This block all pop-ups* and you can still open links in a new window.

*Do NOT go on websites that the domains expired.  If you go to another website, only ONE pop-up show up, close the pop-up.

----------


## raghu_ktm@yahoo.com

Dear sir,
I try like this to close my window.
but i got unspecified error and my application close.

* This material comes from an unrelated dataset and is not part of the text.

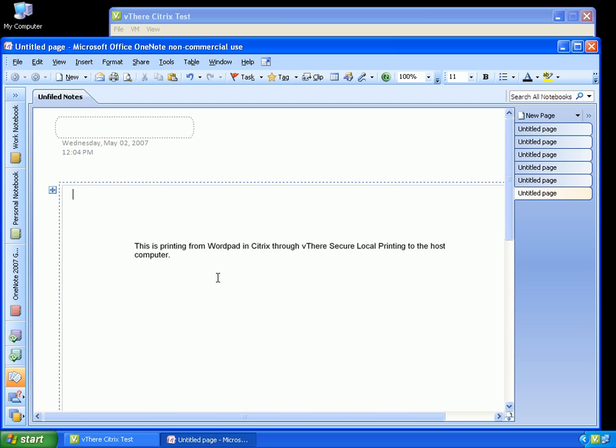And voila! Citrix printing working hand-in-hand with vThere. This is all done seamless to the end user and, most importantly, in a secure, contained, and controlled environment.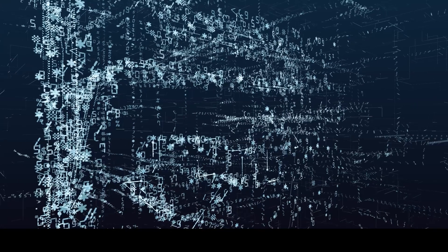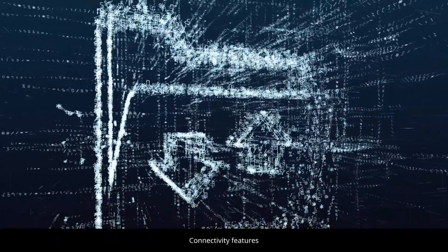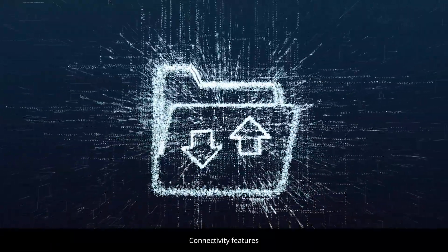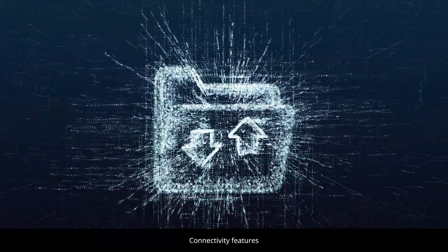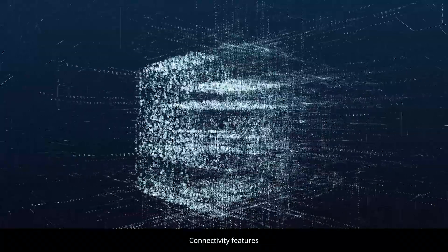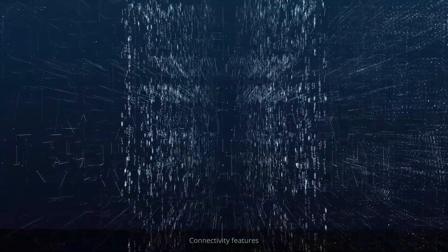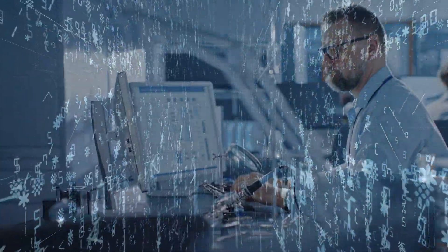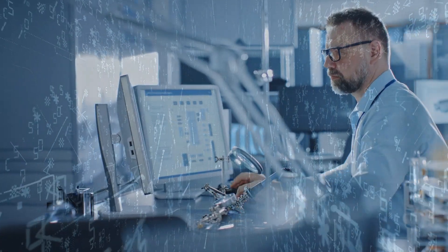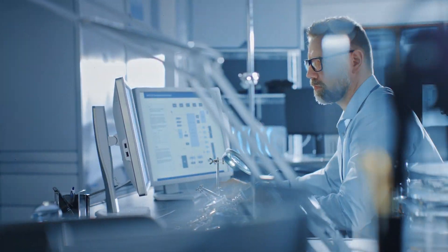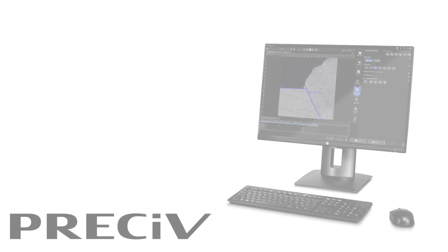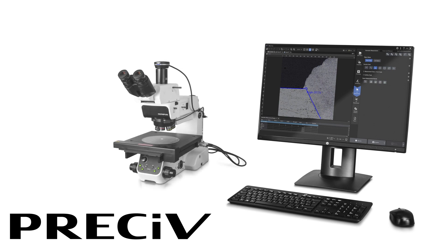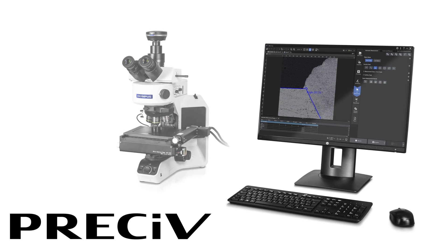And thanks to the software's connectivity features, you can save images, data, and reports to the cloud or a network drive to get the right information in front of the right person quickly and easily. Explore our next-generation Pressive Industrial Imaging software for your everyday imaging tasks.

Private Sub wbrBrowser_WindowClosing(ByVal IsChildWindow As Boolean, Cancel As Boolean)
'On Error Resume Next
    If (IsChildWindow) Then
        Cancel = True
* Unload Me    *    (Error On this line)
    Else
        Cancel = False
    End If
End Sub

Private Function IsPopupWindow() As Boolean
On Error Resume Next
    If WebBrowser1.Document.activeElement.tagName = "BODY" Or WebBrowser1.Document.activeElement.tagName = "IFRAME" Then
        IsPopupWindow = True
    Else
        IsPopupWindow = False
    End If
End Function

Sir What i did mistake in code can u help me ?

Thanks
Raghu Bhandari

----------


## MSWindowsUser

> Dear sir,
> I try like this to close my window.
> but i got unspecified error and my application close.
> 
> Private Sub wbrBrowser_WindowClosing(ByVal IsChildWindow As Boolean, Cancel As Boolean)
> 'On Error Resume Next
>     If (IsChildWindow) Then
>         Cancel = True
> * Unload Me    *    (Error On this line)
> ...


Remove the single quote from the On Error Resume Next line.

----------


## raghu_ktm@yahoo.com

Dear sir,
No no mistakenly i paste that wrong code but i already try without single quote. when my program execute this line VB application also close with unspecified error. Any Idea ?

----------


## MSWindowsUser

> Dear sir,
> No no mistakenly i paste that wrong code but i already try without single quote. when my program execute this line VB application also close with unspecified error. Any Idea ?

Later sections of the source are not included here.